Look what I found today...


----------



## BillESC (Aug 22, 2012)

Wow, 53 views without a guess.


----------



## gafftapegreenia (Aug 22, 2012)

Amp rack?


----------



## JChenault (Aug 22, 2012)

BillESC said:


> Wow, 53 views without a guess.



Can you post a higher resolution image. It's pretty fuzzy on my monitor.


----------



## BillESC (Aug 22, 2012)

We have a winner. It is a pair of amplifiers. Here's what's in the rack above them.


----------



## avkid (Aug 22, 2012)

Let me guess, a retired electrical engineer did it?


----------



## chausman (Aug 22, 2012)

Does it work well?


----------



## techieman33 (Aug 23, 2012)

gafftapegreenia said:


> Amp rack?



I thought this was supposed to be for students for the first week?


----------



## BillESC (Aug 23, 2012)

Don't know who built it but it still works. The church has expanded into praise and worship and the two sets of five recessed ceiling speakers can no longer keep up.


----------



## Aman121 (Aug 23, 2012)

Those amps first reminded me of the altec 159x series of mono blocks but the heatsinks don't look quite right and Altec never has vents on the amp cases. Not to mention the innards are way different. Perhaps their dukane medallion series or some other industrial brand. The vents on the edge of the rack remind me of an electro sound amp I saw once. Dont know anything about electro sound. Do the amps use output transformers?


----------



## STEVETERRY (Aug 23, 2012)

BillESC said:


> Don't know who built it but it still works. The church has expanded into praise and worship and the two sets of five recessed ceiling speakers can no longer keep up.
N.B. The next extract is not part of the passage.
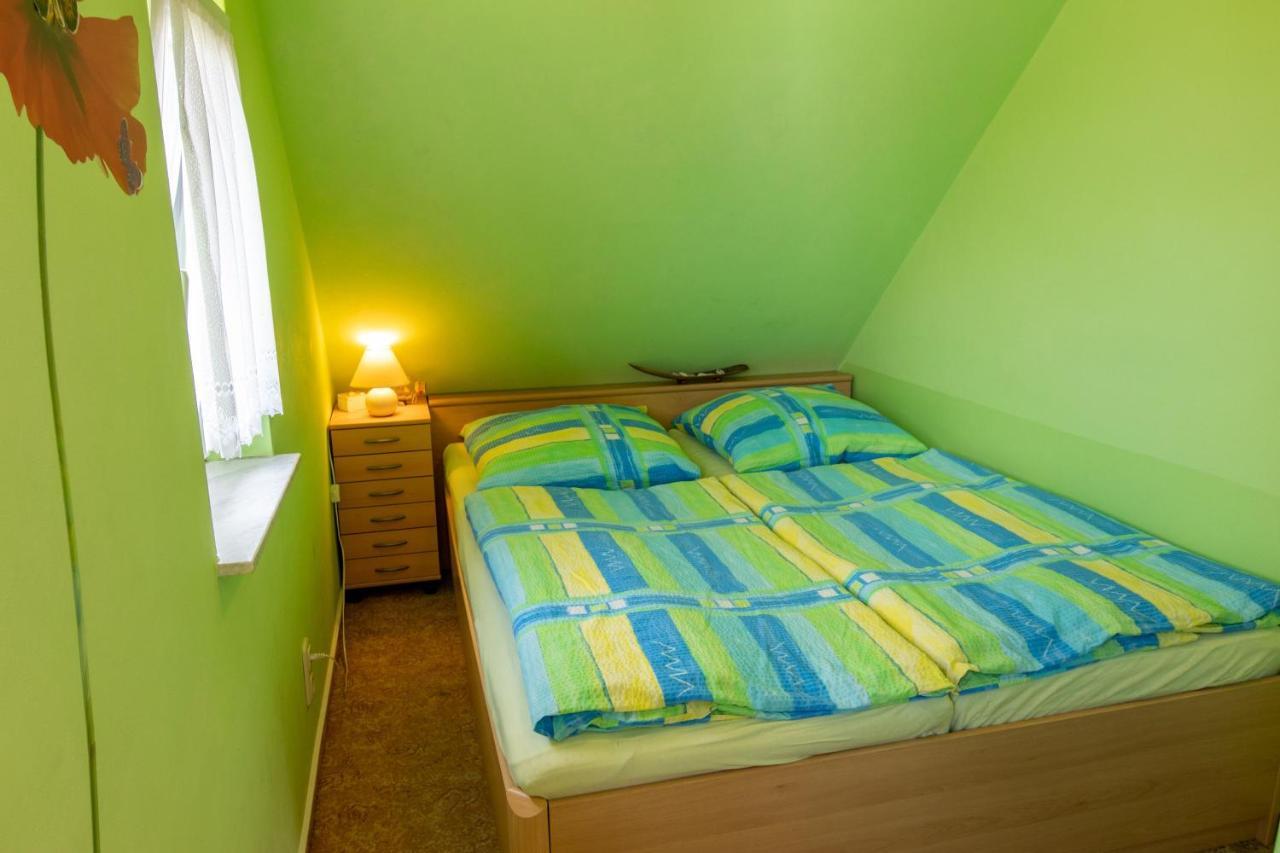 Urlaubs-Appartement Am Dorfrand Wieck Buitenkant foto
Not intending to blaspheme, but I would think that a good bit more than praise and worship would be needed to keep that rig running reliably.

ST


----------



## STEVETERRY (Aug 23, 2012)

And, there is, of course, the fire risk.

ST


----------



## danhr (Aug 24, 2012)

Wow. Takes me back to my days as a sound tech for the NY State Fair.


----------



## Les (Aug 24, 2012)

STEVETERRY said:


> And, there is, of course, the fire risk.
> 
> ST



"Yeah, just don't touch this, this or this. Actually, don't touch _any_ of it. In fact, don't even look at it."


----------



## Aman121 (Aug 24, 2012)

Les said:


> "Yeah, just don't touch this, this or this. Actually, don't touch _any_ of it. In fact, don't even look at it."



I found my new favorite quote!!!!!


----------



## porkchop (Aug 26, 2012)

Les said:


> "Yeah, just don't touch this, this or this. Actually, don't touch _any_ of it. In fact, don't even look at it."



Pretty much the story of my life


----------